En Allemagne, par exemple, les législations relatives à l’emploi et à la migration créent les conditions de l’exclusion des immigré(e)s ressortissant(e)s des pays tiers. Dans ce pays, où le service domestique est notamment assuré par des femmes qui mettent en place un système de rotation (ne dépassant pas trois mois, la durée de leur visa ou de l’autorisation de séjour touristique) afin de ne pas sombrer dans l’illégalité et de pouvoir prendre en charge les tâches reproductives dans leur pays d’origine, des mesures ont été prises pour résorber le travail non déclaré, notamment pour les emplois relevant de « geringfügige Beschäftigung », c’est-à-dire d’un « emploi mineur » à savoir quelques heures de travail par semaine pour un revenu ne dépassant pas quatre cents euros mensuels. Des mesures fiscales et une baisse des charges sociales visent à inciter les employeurs à déclarer leur(s) employé(e)s.
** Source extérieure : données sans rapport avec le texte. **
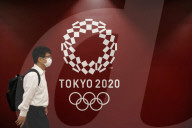 TOKIO 2020 - Logos in Tokio für die Olympischen Spiele
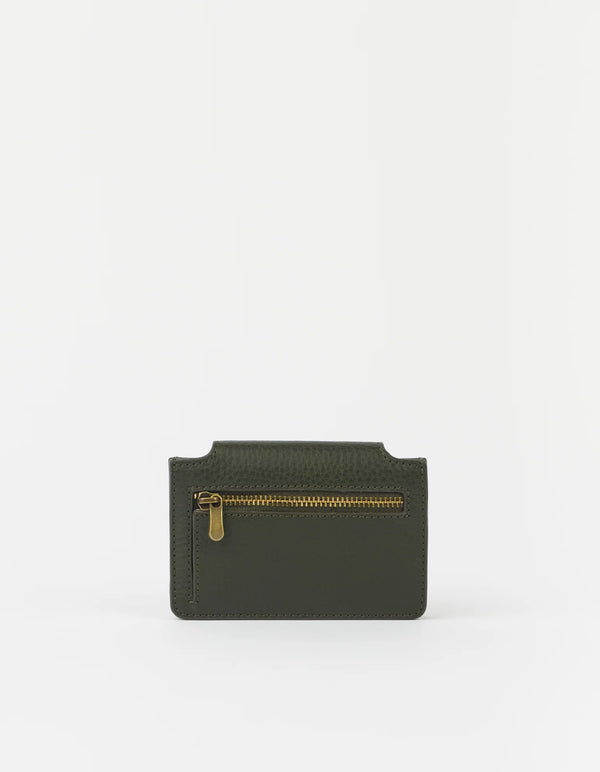 O MY BAG Harmonica Wallet Moss Soft Grain Leather Portemonnaie Geldbörse grün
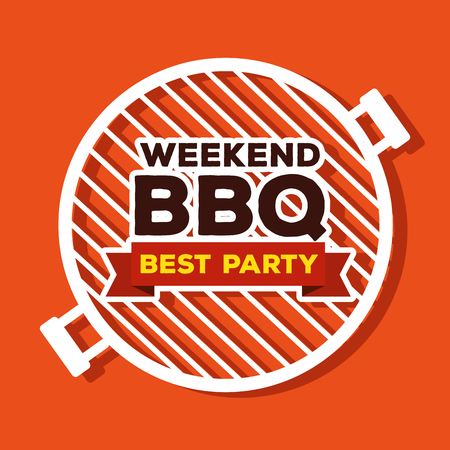 bbq preparation in the grill to weekend party vector illustrationのイラスト素材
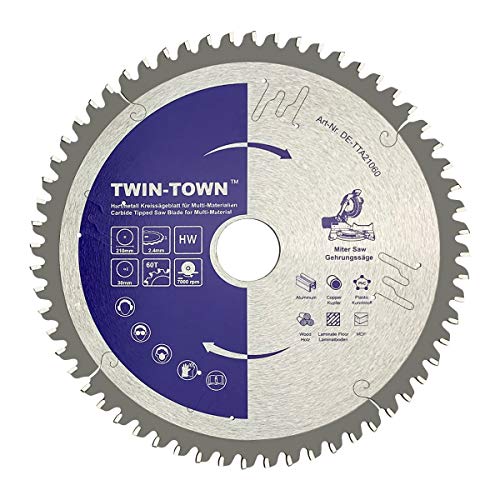 TWIN-TOWN HM Kreissägeblatt Multi-Material 210x30mm Z60, Reduzierring 20 mm, Ideal für Holz, Laminat, MDF, Aluminium, Kunststoff, Parkett, Fußleisten und Kupfer zum Sägen mit Gehrungssäge TWIN-TOWN HM Kreissägeblatt Multi-Material 210x30mm Z60, Reduzierring 20 mm, Ideal für Holz, Laminat, MDF, Aluminium, Kunststoff, Parkett, Fußleisten und Kupfer zum Sägen mit Gehrungssäge von TWIN-TOWN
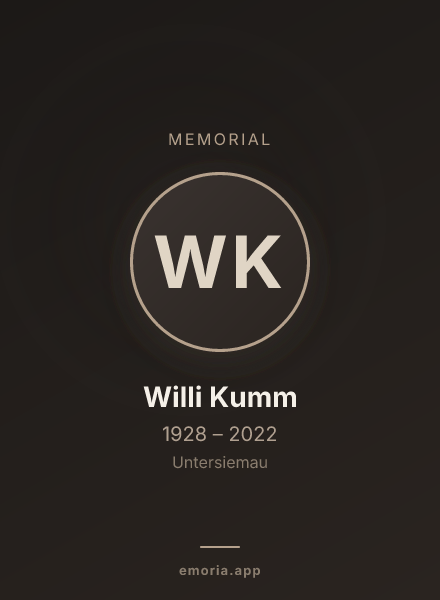 Memorial portrait of Willi Kumm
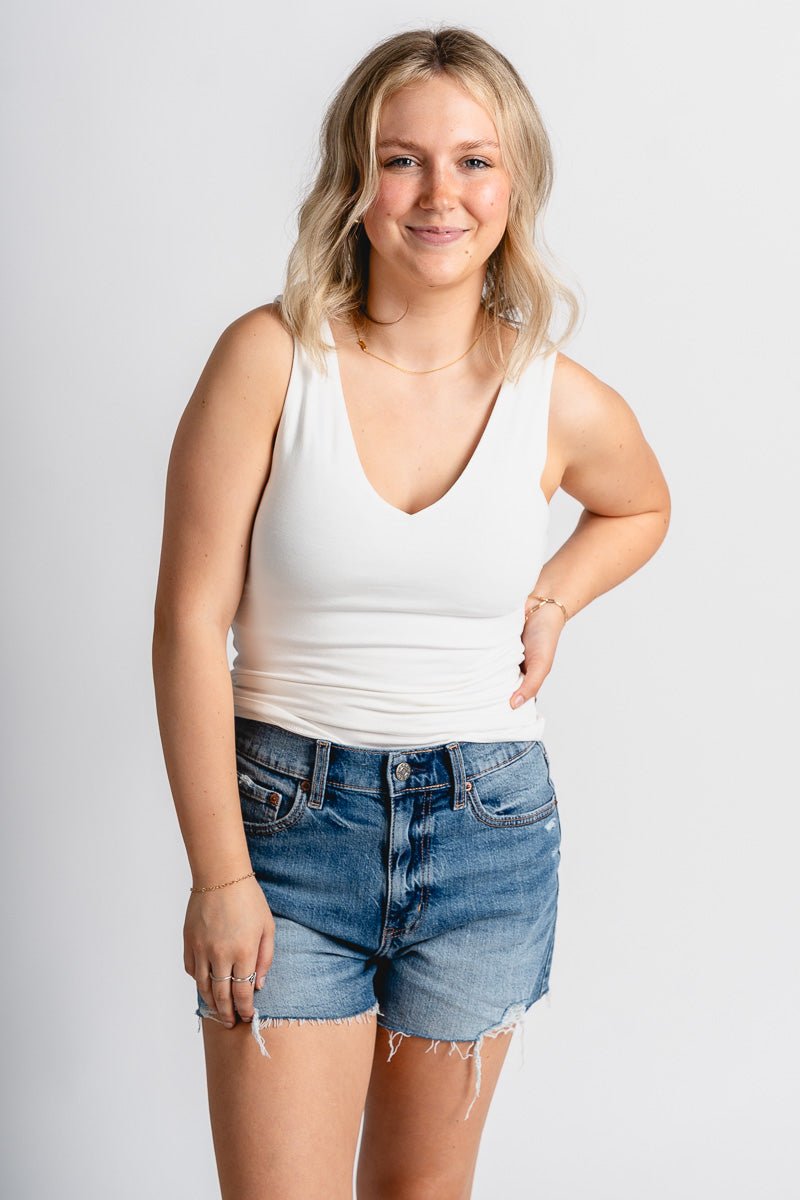 Double layer tank top ivory - Affordable Tank Top - Boutique Tank Tops at Lush Fashion Lounge Boutique in Oklahoma City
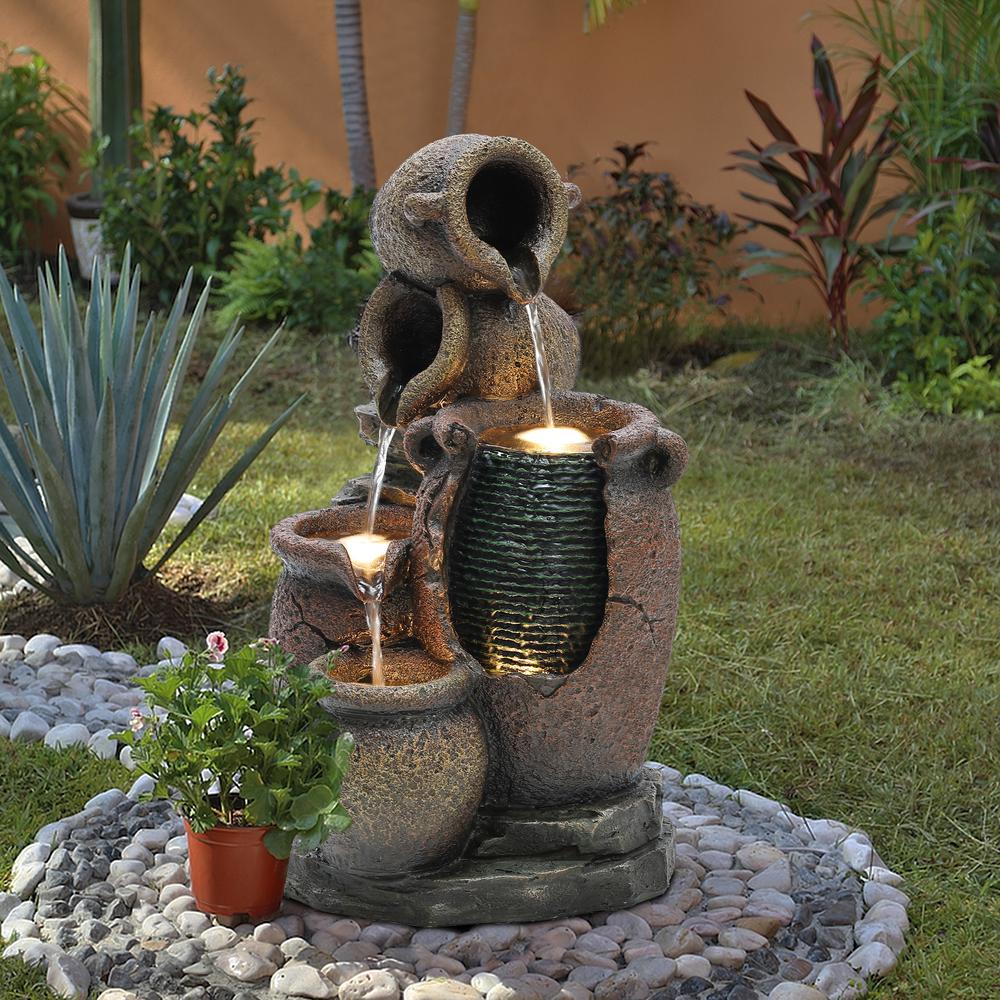 Rustic Brown Urns Resin Outdoor Fountain with LED Lights. Picture 5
En outre, le programme de recrutement des employées de maison et de soins des pays d’Europe centrale et orientale (PECO) prévoit un titre de séjour temporaire ne pouvant excéder trois ans, non renouvelable immédiatement. Les détenteurs de ces permis ne bénéficieront pas de l’assurance-chômage puisqu’ils/ elles sont supposé(e)s quitter le territoire à la fin de leur contrat. De même, les formations dispensées par l’Office fédéral et visant à faciliter l’intégration (formation civique, connaissance du monde du travail) ne sont pas ouvertes aux femmes recrutées par l’Agence pour l’emploi pour travailler dans les services à la personne du fait de leur présence temporaire sur le territoire.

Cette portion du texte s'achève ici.